YOUR GOAL ->
Write out exactly the lines of the entries below from the one holding "Кинга? - фото 1" to the one holding "Luidspreker (draagbaar en", inclusive, and leave out all other lines.

DATA PROVIDED ->
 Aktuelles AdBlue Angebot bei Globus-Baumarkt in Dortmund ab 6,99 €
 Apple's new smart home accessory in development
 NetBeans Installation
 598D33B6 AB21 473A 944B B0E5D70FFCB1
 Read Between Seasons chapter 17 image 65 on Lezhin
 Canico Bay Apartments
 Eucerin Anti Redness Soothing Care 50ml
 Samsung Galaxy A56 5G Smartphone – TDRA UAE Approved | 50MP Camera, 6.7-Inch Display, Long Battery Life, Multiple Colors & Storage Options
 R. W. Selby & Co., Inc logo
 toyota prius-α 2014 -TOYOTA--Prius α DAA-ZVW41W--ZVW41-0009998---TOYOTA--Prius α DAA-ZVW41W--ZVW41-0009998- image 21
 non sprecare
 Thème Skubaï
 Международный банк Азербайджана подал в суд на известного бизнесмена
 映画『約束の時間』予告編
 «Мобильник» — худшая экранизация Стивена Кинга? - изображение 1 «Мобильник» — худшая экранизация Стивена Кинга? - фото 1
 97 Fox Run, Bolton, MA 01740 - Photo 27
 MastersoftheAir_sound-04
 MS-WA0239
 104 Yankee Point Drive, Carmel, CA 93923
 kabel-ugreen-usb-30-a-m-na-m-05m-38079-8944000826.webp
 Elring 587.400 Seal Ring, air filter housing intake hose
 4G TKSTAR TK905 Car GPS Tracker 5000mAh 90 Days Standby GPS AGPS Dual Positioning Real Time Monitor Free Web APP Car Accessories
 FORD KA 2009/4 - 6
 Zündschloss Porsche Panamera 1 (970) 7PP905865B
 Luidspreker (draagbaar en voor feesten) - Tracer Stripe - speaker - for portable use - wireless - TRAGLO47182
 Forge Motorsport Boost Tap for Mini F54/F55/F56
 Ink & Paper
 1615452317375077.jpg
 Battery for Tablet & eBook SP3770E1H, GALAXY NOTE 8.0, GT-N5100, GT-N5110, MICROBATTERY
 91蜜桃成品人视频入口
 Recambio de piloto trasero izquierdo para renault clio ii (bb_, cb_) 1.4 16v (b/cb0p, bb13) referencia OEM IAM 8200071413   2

PROBLEM SOLUTION ->
 «Мобильник» — худшая экранизация Стивена Кинга? - изображение 1 «Мобильник» — худшая экранизация Стивена Кинга? - фото 1
 97 Fox Run, Bolton, MA 01740 - Photo 27
 MastersoftheAir_sound-04
 MS-WA0239
 104 Yankee Point Drive, Carmel, CA 93923
 kabel-ugreen-usb-30-a-m-na-m-05m-38079-8944000826.webp
 Elring 587.400 Seal Ring, air filter housing intake hose
 4G TKSTAR TK905 Car GPS Tracker 5000mAh 90 Days Standby GPS AGPS Dual Positioning Real Time Monitor Free Web APP Car Accessories
 FORD KA 2009/4 - 6
 Zündschloss Porsche Panamera 1 (970) 7PP905865B
 Luidspreker (draagbaar en voor feesten) - Tracer Stripe - speaker - for portable use - wireless - TRAGLO47182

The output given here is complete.